Although often described as an anthology film, it actually belongs to the sub genre of film known as Hyperlink due to its interwoven story lines.

==Premise==
A pair of professional but badly mismatched criminals break into a vacant house to carry out an insurance scam. Awkwardly thrown together with an hour to pass, they reluctantly start telling each other tall tales. One concerns two friends who discover a mysterious device that may be of alien origin. The other is about an ambitious business woman who provides a dating agency for wealthy fetishists. She attempts to escape this shady line of work by taking on a new client whose habits may be of the vampiric variety. As the night progresses the line between fiction and reality starts to blur and the hidden agendas of both thieves become apparent.

==Production==
===Development===
After finishing his promotional duties on the Sci-Fi short film Ninety Seconds, Lough decided it was now the right time to make his feature film debut. He was inspired by the "Horror / Sci-Fi anthology films of the '80s such as Creepshow, The Twilight Zone and Cat's Eye but with the goal of having each story blend together to make one big story and then bring it stylistically up to date for a modern audience." The screenplay went through close to a dozen drafts and the original idea of four interconnecting stories was eventually changed to three. Many of the same cast and crew he previously worked with on his short films returned for this film.

Other influences included the New Wave music scene of the early 80's and France's 'Cinema du Look' movement.

===Production===
Principal photography began in Co Donegal, Ireland on 1 August 2013 with a series of demanding night shoots. Because the film is divided up into three different stories, the unusual production had to be treated as three different films as each tale had a completely different cast, look, locations, etc., which necessitated a prep / shoot / post process that would repeat itself with each tale and take shooting well into 2014. The film started shooting on Canon HD cameras which Lough had worked with before on his short film Ninety Seconds and had found to be very sensitive to low light conditions and night shoots.

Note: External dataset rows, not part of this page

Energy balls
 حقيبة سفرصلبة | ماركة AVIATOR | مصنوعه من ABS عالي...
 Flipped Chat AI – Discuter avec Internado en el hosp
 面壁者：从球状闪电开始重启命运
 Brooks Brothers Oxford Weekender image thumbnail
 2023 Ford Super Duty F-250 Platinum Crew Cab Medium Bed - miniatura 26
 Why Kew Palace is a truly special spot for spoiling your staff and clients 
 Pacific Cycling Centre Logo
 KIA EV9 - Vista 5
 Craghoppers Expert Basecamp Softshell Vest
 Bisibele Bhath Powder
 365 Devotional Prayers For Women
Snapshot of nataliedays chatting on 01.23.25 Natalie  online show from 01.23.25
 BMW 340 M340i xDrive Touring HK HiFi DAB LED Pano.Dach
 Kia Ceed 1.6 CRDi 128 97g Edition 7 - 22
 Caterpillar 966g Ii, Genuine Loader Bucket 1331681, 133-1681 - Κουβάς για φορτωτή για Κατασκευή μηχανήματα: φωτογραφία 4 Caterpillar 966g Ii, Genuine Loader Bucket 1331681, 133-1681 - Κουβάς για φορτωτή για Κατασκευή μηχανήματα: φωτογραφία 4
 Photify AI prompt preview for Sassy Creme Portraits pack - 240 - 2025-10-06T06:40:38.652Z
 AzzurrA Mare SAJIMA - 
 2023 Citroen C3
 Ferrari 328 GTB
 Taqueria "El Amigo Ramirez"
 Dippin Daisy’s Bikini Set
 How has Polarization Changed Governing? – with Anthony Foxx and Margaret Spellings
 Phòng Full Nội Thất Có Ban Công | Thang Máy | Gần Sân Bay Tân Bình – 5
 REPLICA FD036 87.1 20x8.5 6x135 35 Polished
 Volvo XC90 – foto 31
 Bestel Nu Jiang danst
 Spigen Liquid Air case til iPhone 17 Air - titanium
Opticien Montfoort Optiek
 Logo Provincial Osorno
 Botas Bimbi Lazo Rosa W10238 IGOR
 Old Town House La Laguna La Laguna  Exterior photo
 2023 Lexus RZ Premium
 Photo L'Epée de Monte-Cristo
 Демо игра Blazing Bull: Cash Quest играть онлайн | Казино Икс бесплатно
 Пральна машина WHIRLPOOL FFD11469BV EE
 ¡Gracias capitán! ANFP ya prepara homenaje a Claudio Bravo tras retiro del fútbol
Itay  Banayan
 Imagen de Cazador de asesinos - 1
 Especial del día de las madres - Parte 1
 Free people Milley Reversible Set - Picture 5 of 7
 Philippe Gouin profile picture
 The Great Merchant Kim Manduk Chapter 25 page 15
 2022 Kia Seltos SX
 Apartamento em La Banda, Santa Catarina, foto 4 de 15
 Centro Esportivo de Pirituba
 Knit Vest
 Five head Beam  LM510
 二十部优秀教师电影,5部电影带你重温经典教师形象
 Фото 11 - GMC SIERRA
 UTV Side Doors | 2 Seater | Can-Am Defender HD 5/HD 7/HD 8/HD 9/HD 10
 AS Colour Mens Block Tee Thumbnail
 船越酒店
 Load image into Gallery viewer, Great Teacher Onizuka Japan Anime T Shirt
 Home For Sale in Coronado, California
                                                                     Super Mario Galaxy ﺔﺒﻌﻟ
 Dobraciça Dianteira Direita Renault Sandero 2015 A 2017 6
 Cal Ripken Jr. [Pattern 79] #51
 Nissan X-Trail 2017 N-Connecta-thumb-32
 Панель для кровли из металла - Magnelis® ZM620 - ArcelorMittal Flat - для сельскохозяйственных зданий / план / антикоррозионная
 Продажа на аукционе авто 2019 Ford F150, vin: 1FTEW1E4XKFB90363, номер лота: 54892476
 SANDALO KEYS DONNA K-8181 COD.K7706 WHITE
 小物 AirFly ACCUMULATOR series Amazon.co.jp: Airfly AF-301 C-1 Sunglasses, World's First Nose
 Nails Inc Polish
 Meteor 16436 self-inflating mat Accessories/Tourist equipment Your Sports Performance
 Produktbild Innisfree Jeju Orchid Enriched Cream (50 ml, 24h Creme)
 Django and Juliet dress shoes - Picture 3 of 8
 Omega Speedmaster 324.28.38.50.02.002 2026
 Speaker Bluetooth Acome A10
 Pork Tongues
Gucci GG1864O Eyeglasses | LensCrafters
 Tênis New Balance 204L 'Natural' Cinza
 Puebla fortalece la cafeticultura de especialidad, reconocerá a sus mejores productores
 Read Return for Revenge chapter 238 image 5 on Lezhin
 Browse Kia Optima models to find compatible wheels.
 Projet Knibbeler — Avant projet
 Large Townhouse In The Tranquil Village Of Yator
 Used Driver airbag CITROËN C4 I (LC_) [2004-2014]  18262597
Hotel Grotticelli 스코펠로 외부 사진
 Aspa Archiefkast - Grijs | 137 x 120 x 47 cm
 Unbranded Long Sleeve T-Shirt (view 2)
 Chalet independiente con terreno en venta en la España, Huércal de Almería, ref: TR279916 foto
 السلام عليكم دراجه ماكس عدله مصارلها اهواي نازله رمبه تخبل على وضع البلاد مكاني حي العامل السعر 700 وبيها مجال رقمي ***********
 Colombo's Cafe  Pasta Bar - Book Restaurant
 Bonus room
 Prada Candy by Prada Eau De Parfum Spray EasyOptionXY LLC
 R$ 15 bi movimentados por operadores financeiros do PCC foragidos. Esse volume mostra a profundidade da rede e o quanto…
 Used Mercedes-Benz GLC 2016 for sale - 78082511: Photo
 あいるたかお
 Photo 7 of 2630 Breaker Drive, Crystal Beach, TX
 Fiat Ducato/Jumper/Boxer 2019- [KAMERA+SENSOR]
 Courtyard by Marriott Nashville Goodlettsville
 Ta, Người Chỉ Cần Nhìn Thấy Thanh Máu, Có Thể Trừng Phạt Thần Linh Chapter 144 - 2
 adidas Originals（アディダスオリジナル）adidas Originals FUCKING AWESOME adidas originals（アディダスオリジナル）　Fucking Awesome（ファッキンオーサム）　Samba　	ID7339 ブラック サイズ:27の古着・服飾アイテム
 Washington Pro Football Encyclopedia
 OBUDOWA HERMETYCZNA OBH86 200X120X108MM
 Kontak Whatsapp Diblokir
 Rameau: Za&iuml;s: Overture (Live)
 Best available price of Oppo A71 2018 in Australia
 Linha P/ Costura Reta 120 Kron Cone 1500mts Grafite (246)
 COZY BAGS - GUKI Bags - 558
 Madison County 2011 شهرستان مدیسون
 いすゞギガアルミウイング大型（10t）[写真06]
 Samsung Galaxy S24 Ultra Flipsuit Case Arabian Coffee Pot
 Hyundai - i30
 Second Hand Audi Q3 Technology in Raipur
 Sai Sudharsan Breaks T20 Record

The shoot took in many visually striking locations as diverse as Fanad Lighthouse, Barnesmore Gap and Grianan of Aileach but constantly ran into bad weather. As Lough joked in an interview, "All the rain in the movie is not me paying homage to Blade Runner – it's the real thing". The shoot moved to Dublin for two days to use locations such as The Marker Hotel. Principal photography ended on 23 August 2014.

===Post Production===
Over a six-month period, composer Cian Furlong created over an hour's worth of densely layered, completely electronic music. His score was made entirely on Mulab while also using orchestral samples such as brass and strings. The score included a new electronic version of The Flower Duet from the opera Lakme. Its inclusion was intended by Lough as a homage to director Tony Scott who used the same music in his feature debut The Hunger, a film that influenced Night People. Musically the rest of the film included seven different synthesizer tracks from various up and coming bands and artists such as Electro Kill Machine (who contributed two songs). All of the film's visual effects were produced solely by Paul Barrett.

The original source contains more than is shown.